4.14. Testing with Camel Spring Boot

In case on Camel running on Spring Boot, Spring Boot automatically embeds Camel and all its routes, which are annotated with @Component. When testing with Spring boot you use @SpringBootTest instead of @ContextConfiguration to specify which configuration class to use.

When you have multiple Camel routes in different RouteBuilder classes, Camel Spring Boot will include all these routes.
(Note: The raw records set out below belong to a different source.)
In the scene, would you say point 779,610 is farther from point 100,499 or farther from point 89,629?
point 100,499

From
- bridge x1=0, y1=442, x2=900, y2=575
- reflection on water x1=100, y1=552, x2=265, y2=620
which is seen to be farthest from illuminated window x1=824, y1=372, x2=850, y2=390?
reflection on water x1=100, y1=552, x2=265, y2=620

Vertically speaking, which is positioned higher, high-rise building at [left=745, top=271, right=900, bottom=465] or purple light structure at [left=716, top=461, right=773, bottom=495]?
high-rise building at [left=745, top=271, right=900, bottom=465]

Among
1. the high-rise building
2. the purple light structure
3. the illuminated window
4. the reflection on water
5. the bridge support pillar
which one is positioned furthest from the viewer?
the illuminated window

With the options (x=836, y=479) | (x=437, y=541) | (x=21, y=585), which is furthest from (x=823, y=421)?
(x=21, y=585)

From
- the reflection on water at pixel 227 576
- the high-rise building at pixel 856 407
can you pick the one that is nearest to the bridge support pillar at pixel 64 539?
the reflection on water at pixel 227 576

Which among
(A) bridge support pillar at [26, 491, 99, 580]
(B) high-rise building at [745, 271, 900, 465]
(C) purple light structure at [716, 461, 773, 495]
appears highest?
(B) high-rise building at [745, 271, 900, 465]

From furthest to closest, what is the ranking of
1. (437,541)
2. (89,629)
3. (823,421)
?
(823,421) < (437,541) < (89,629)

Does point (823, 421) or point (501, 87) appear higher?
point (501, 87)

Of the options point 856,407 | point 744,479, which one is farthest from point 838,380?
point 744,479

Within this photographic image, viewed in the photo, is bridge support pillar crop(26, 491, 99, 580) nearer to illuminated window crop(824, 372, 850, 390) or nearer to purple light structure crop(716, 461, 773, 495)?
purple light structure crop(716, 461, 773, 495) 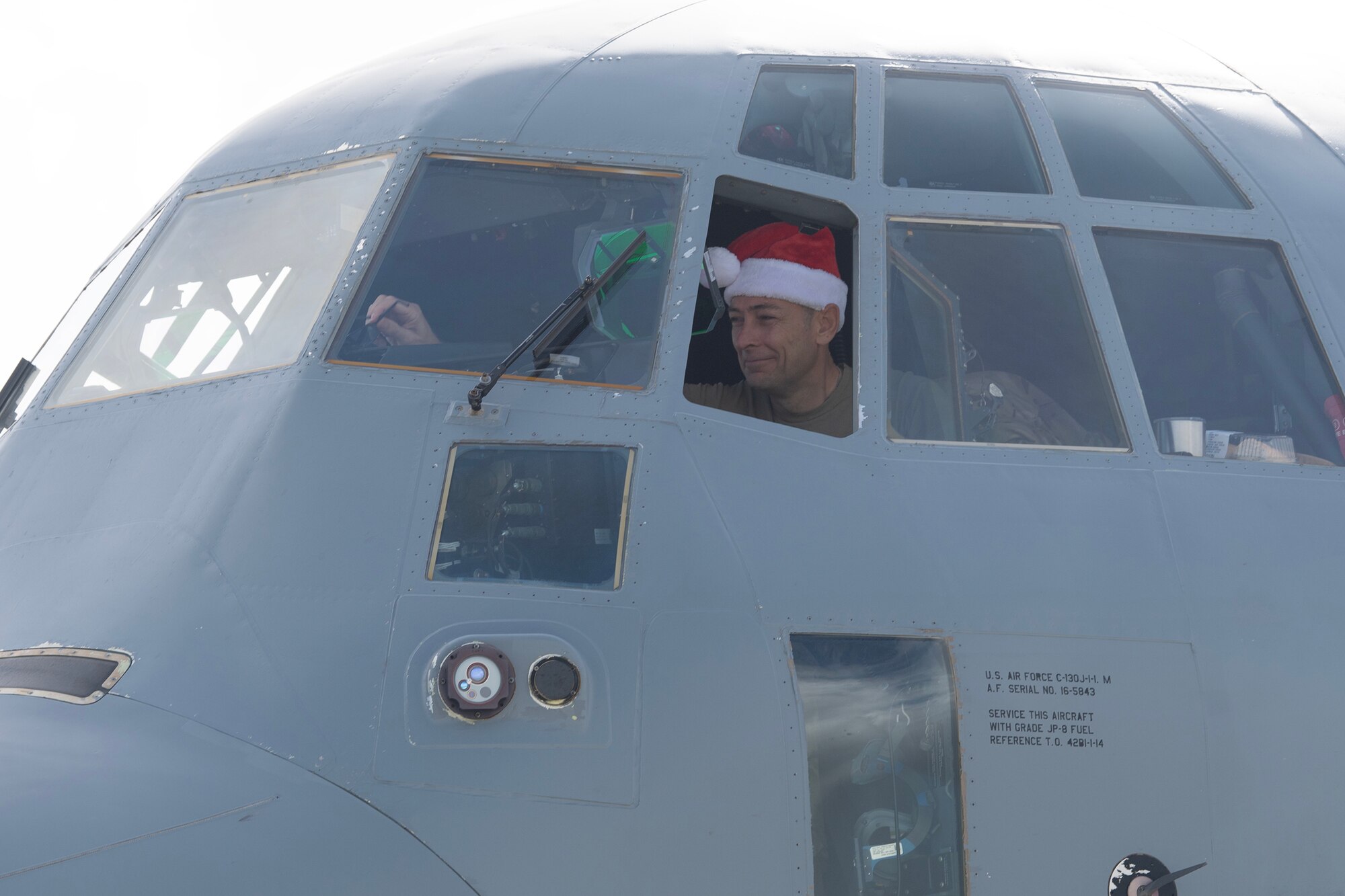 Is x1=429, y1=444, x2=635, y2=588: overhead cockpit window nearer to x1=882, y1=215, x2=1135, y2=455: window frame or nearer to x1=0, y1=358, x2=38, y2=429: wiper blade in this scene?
x1=882, y1=215, x2=1135, y2=455: window frame

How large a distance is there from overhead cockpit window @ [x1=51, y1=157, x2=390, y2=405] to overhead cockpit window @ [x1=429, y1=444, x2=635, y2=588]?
32.9 inches

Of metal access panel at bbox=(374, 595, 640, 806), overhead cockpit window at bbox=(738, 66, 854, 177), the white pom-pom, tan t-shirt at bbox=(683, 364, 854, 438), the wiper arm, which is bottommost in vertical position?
metal access panel at bbox=(374, 595, 640, 806)

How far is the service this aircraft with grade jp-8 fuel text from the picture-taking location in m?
3.56

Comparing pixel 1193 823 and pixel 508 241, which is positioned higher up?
pixel 508 241

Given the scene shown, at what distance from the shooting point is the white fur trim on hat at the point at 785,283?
5059 millimetres

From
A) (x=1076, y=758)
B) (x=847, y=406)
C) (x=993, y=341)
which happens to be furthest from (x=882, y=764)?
(x=993, y=341)

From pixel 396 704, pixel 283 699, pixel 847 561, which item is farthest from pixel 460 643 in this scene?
pixel 847 561

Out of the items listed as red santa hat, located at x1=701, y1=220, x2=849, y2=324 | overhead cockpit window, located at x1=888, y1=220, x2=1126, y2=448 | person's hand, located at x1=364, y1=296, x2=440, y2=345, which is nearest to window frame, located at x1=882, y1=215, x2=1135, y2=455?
overhead cockpit window, located at x1=888, y1=220, x2=1126, y2=448

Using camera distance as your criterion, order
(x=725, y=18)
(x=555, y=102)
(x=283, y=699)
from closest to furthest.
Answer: (x=283, y=699)
(x=555, y=102)
(x=725, y=18)

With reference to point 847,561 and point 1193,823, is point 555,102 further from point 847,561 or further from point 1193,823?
point 1193,823

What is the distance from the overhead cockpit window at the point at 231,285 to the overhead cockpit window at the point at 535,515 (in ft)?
2.74

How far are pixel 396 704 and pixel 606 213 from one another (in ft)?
6.62

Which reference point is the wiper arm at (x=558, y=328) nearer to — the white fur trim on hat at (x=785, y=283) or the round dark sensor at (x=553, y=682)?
the white fur trim on hat at (x=785, y=283)

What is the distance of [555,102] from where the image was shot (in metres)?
4.88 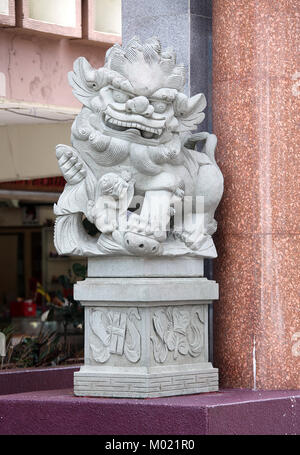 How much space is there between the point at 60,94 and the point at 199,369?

Hence, when you wish to test routes from only one RouteBuilder class you can use the following patterns to include or exclude which RouteBuilders to enable:

  • java-routes-include-pattern: Used for including RouteBuilder classes that match the pattern.
  • java-routes-exclude-pattern: Used for excluding RouteBuilder classes that match the pattern. Exclude takes precedence over include.

You can specify these patterns in your unit test classes as properties to @SpringBootTest annotation, as shown below:

@RunWith(CamelSpringBootRunner.class)
@SpringBootTest(classes = {MyApplication.class);
   properties = {"camel.springboot.java-routes-include-pattern=**/Foo*"})
public class FooTest {

In the FooTest class, the include pattern is **/Foo*, which represents an Ant style pattern. Here, the pattern starts with double asterisk, which matches with any leading package name. /Foo* means the class name must start with Foo, for example, FooRoute. You can run a test using following maven command:

mvn test -Dtest=FooTest

4.15. See Also

4.16. Using Spring Boot, Apache Camel and external messaging brokers

4.16.1. Using an external messaging broker.

Fuse uses external messaging brokers. See Supported Configurations for more information about the supported broker, client and Camel component combinations.

The Camel component must be connected to the JMS connection-factory. The example below shows how to connect the camel-amqp component to a JMS connection-factory.

import org.apache.activemq.jms.pool.PooledConnectionFactory;
import org.apache.camel.component.amqp.AMQPComponent;
import org.apache.qpid.jms.JmsConnectionFactory;
...

AMQPComponent amqpComponent(AMQPConfiguration config) {
       JmsConnectionFactory qpid = new JmsConnectionFactory(config.getUsername(), config.getPassword(), "amqp://"+ config.getHost() + ":" + config.getPort());
       qpid.setTopicPrefix("topic://");

       PooledConnectionFactory factory = new PooledConnectionFactory();
       factory.setConnectionFactory(qpid);

AMQPComponent amqpcomp = new AMQPComponent(factory);

Appendix A. Preparing to use Maven

A.1. Overview

This section gives a brief overview of how to prepare Maven for building Red Hat Fuse projects and introduces the concept of Maven coordinates, which are used to locate Maven artifacts.

A.2. Prerequisites

In order to build a project using Maven, you must have the following prerequisites:

  • Maven installation — Maven is a free, open source build tool from Apache. You can download the latest version from the Maven download page.
  • Network connection — whilst performing a build, Maven dynamically searches external repositories and downloads the required artifacts on the fly. By default, Maven looks for repositories that are accessed over the Internet. You can change this behavior so that Maven will prefer searching repositories that are on a local network.

    Note

    Maven can run in an offline mode. In offline mode Maven only looks for artifacts in its local repository.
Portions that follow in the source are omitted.